Free-text object descriptions
**********
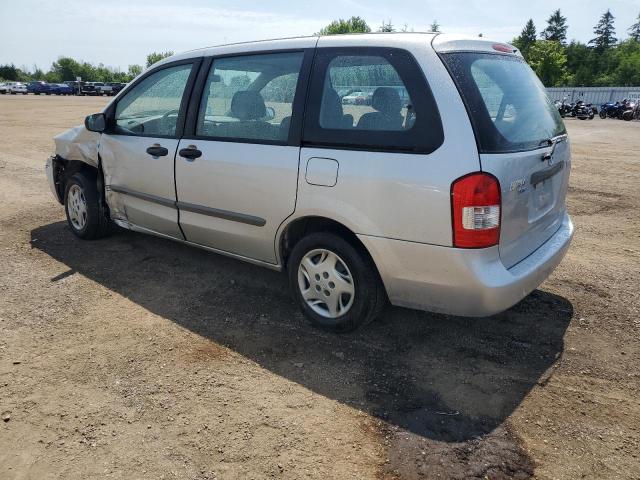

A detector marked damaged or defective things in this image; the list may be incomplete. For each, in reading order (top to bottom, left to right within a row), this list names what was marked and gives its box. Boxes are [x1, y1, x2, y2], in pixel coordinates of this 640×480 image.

crumpled body panel [53, 125, 100, 167]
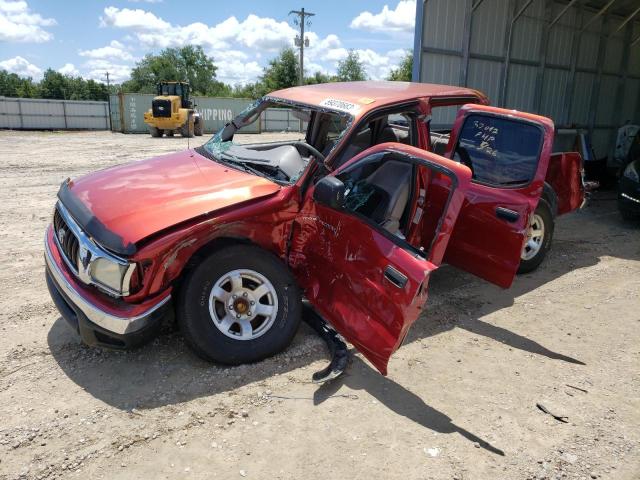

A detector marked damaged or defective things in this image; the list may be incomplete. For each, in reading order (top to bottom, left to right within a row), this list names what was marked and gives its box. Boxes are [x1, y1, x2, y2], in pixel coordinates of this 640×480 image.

damaged red truck [45, 81, 584, 376]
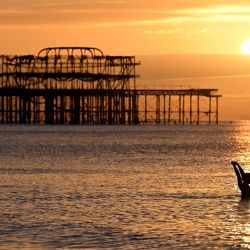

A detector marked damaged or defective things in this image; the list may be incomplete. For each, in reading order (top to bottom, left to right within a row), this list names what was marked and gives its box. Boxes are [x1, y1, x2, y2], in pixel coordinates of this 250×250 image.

rusted iron structure [0, 46, 221, 124]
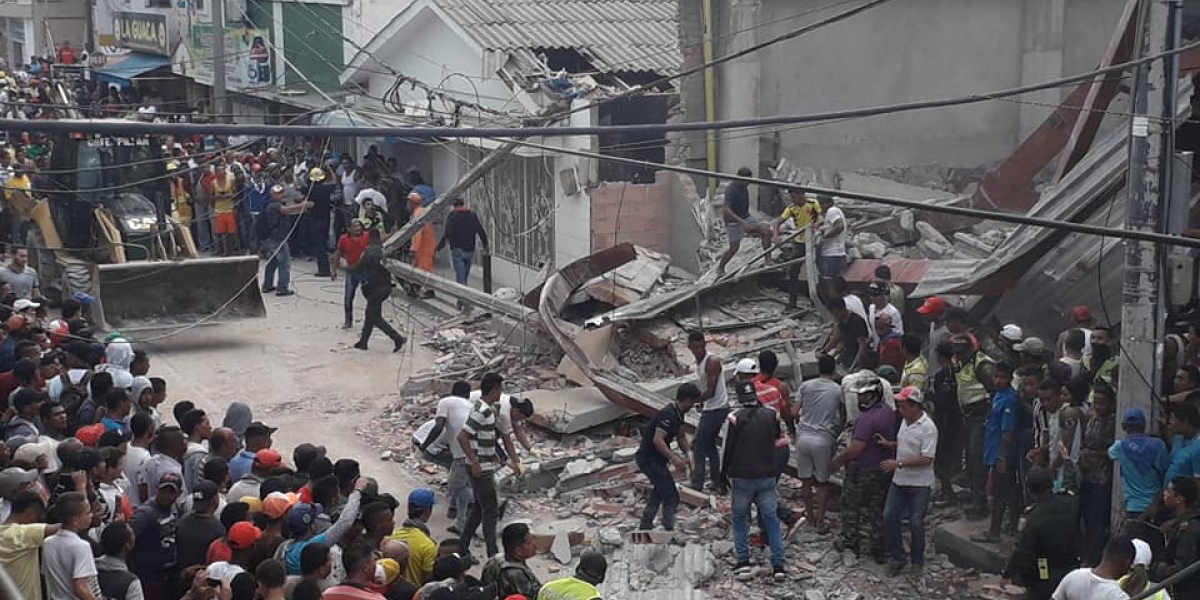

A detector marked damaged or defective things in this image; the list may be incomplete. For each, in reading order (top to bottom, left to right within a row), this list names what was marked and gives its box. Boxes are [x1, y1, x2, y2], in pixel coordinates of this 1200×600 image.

damaged roof [432, 0, 680, 75]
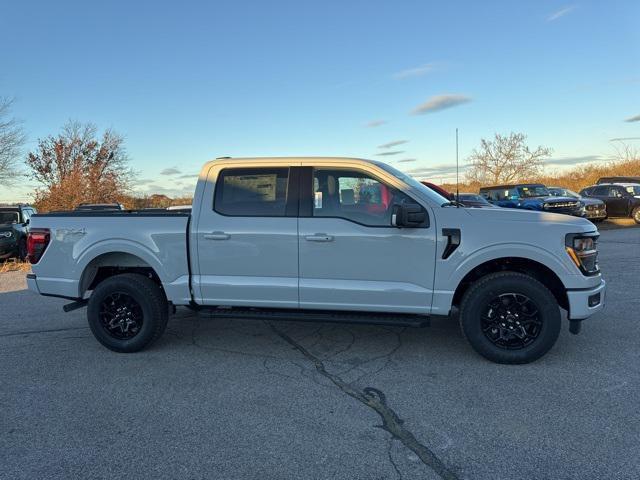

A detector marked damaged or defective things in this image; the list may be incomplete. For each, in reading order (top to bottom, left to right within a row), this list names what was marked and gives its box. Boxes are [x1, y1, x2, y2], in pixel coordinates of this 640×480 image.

crack in pavement [268, 322, 458, 480]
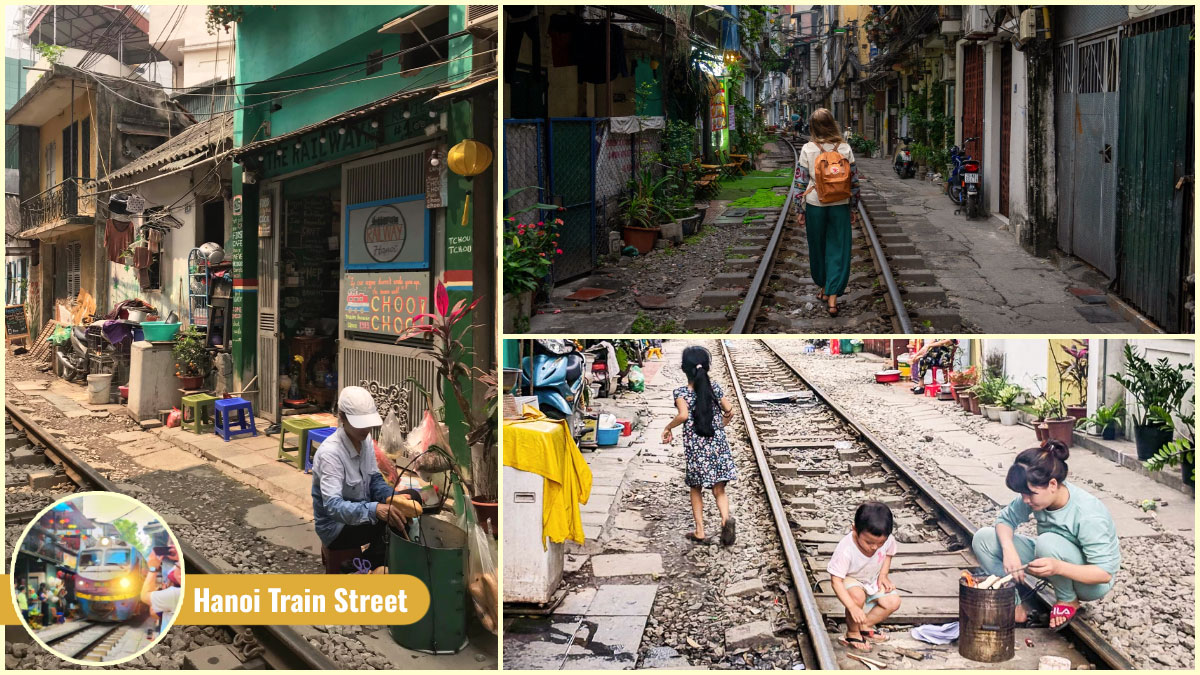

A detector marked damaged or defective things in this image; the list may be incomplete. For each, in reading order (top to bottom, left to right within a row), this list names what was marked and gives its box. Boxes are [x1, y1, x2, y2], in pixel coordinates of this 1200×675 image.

rusted corrugated roof [105, 113, 234, 182]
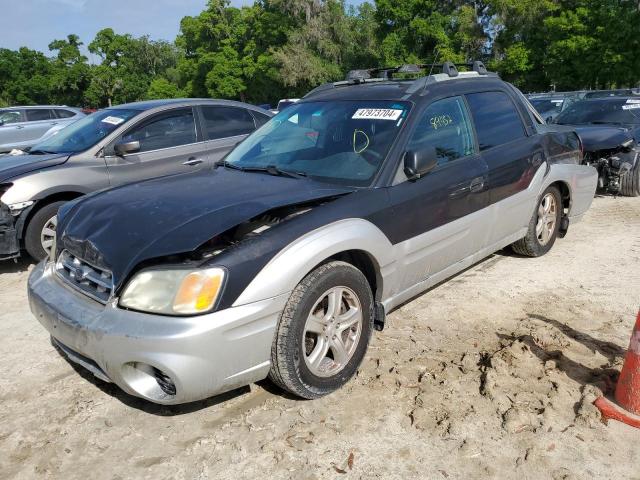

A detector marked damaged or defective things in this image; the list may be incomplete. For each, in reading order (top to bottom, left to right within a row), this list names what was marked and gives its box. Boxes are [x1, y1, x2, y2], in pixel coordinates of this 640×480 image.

damaged vehicle nearby [0, 99, 272, 260]
damaged subaru baja [28, 62, 600, 404]
damaged vehicle nearby [30, 62, 600, 404]
damaged vehicle nearby [552, 96, 640, 196]
cracked bumper [28, 260, 288, 404]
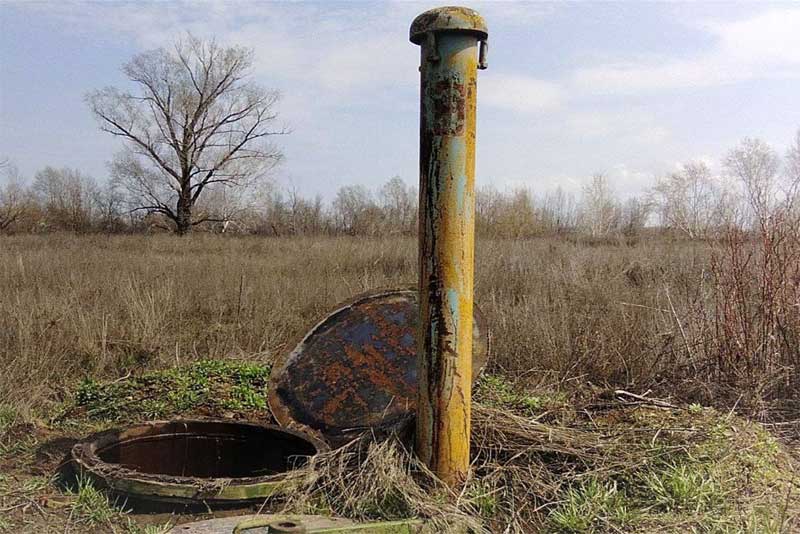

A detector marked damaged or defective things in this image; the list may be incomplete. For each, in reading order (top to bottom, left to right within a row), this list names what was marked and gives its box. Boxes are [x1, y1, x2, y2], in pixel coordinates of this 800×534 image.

rusty yellow pipe [412, 6, 488, 488]
rust staining [268, 288, 488, 448]
corroded metal cover [268, 292, 488, 446]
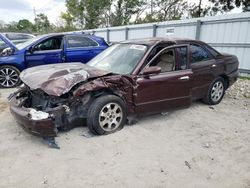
**********
Required work –
Quote precisely the lines of the data from the line containing "this 800×534 image." through its final line, both included, excluding pictures.

Solution for this exercise –
A detector marked damaged or defective things in this image; the list may be incomplete. For each, in reading order (top to bottom, left to right within a row), this list names what was marked and gives its box. Boxes are [x1, y1, x2, y2], in pixel coordinates of this 800×534 image.

rusty yellow pipe [412, 6, 488, 488]
rust staining [268, 288, 488, 448]
corroded metal cover [268, 292, 488, 446]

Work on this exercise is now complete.